16 Dec 2010
Mara – Malt rarities
Tasting notes by Ruben Luyten - Posted in * News
Mara is a special place for whisky enthousiasts. Founders Roland Puhl and Carsten Ehrlich are whisky legends and walking encyclopaedias.
Their basement in the nice German town called Limburg an der Lahn is part whisky store (only classics, many of them not yet discovered by the whisky community), part “pilgrimage place” where whisky lovers from Germany (and further away) come to spend a nice evening. I was lucky enough to join Luc Timmermans (thanks again) so most of the time I was simply listening to what all these experienced connoisseurs had to say.
Most of the evening was filled with an extensive overview (and tasting) of Carsten’s recent bottlings in the Whisky Agency series. It’s amazing how many expressions he has released in the last couple of months. The tasting tempo was too high to take notes, but all I can say is they are all worth a try. Not one of them is below par, and some are absolutely stunning.
Here are just five of my personal highlights, in no particular order:
- Glenallachie 39 yo 1971 (51,2%, Perfect Dram)
Not the most popular distillery. Very good albeit a little quirky. Fruity with old-style elements.
- Brora 28 yo 1982 (52,3%, Perfect Dram)
All-round Brora with wax, smoke, citrus, herbs… Also available in a Daily Dram version.
- BenRiach 34 yo 1975 (50,6%, cask 3061)
Classic 1970’s BenRiach fruits, quite tropical and honeyed. A good match for the renowned 1976’s.
- Ben Nevis 42 yo 1968 (40%, Private Stock)
This can only come from Ben Nevis. Nougat, soft fruits, leather, wax… Stunning and very (very) limited.
- Glen Scotia 38 yo 1972 (40,1%, Private Stock)
Old-style fruitiness, beehive notes and pleasant dust. A little soft on the palate maybe, but a unique expression.

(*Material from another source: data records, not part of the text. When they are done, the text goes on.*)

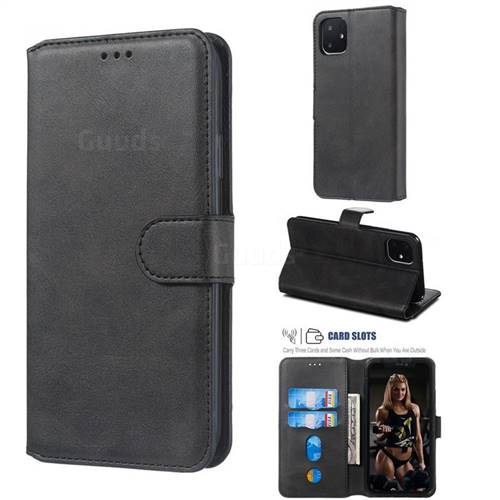 Retro Calf Matte Leather Wallet Phone Case for iPhone 11 (6.1 inch) - Black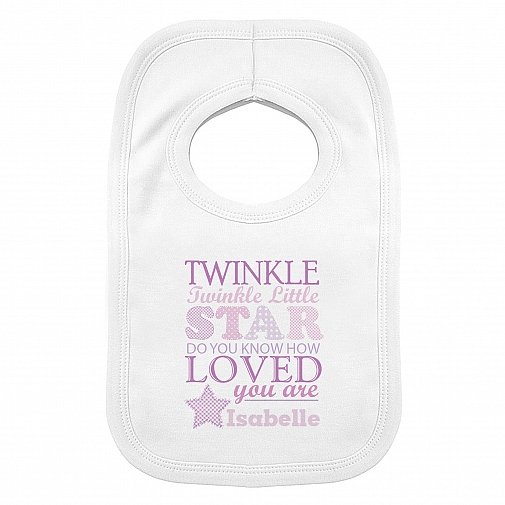 Personalised Twinkle Girls 0-3 Months Baby Bib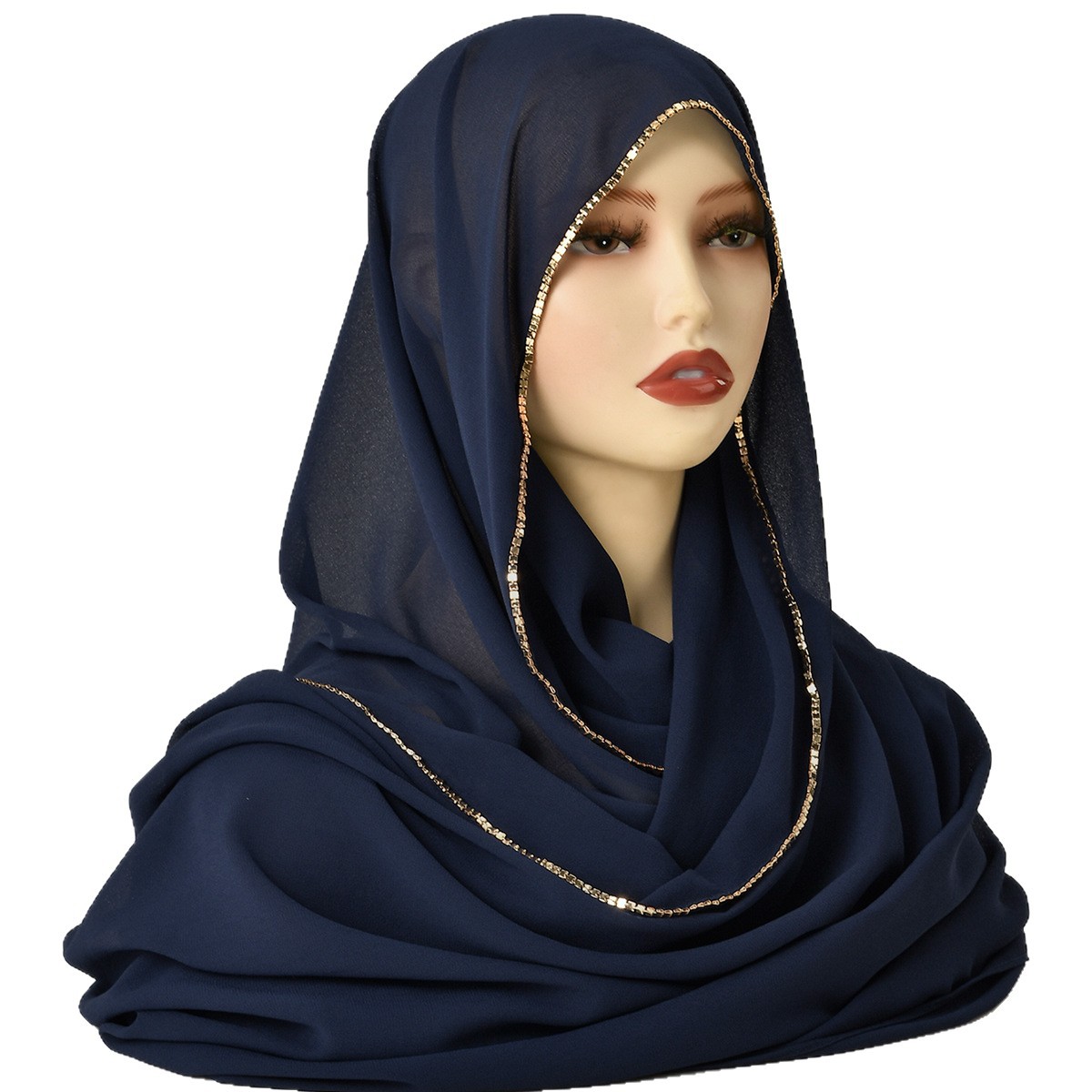 Popular Pearl Chain Chiffon Scarf Shawl Wrap, Lightweight Breathable Pure Color Headscarf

All of these would score well into the 90’s. The downside of the eminent quality is clear: the demand is extremely high and most of the Whisky Agency releases are sold out in a couple of days. Some of them don’t even reach major retailers outside of Germany, and reviewing them doesn’t make much sense – the advice will be too late anyway.
After the recent stuff and a lovely pizza (tradition, you know), we went into the cellars to crack open a few oldies. No matter how broad your whisky knowledge, a large part of the collection is unknown to anyone, so there’s always some doubt about what to choose.
- Port Ellen 11 yo 1981 Wilson & Morgan (stunning young Port Ellen, so different from current releases)
- Longmorn 28 yo 1974 Scottish Castles (review coming soon)
- Caperdonich 35yo 1972 for The Whisky Fair (excellent nose, very rich)
- A head-to-head of two old Bowmore 8yo’s (although apparently similar, they showed major differences – only one of them was convincing to me)
- a 1970’s bottling of Bunnahabhain 12yo
We ended the evening with an out-of-this-world dark sherry Islay whisky of which the name is top secret (sorry). It’s a very old bottle anyway and chances are very low that another one would show up. Too bad, but good Lord, what a magnificent whisky!
I was told there are plans to sell most of the collection and close the cellar down. That’s a logical decision given the time-consuming activities for Whisky Agency and The Whisky Fair, but it’s still a important chapter that will disappear from our whisky book. I’m glad I was able to experience it.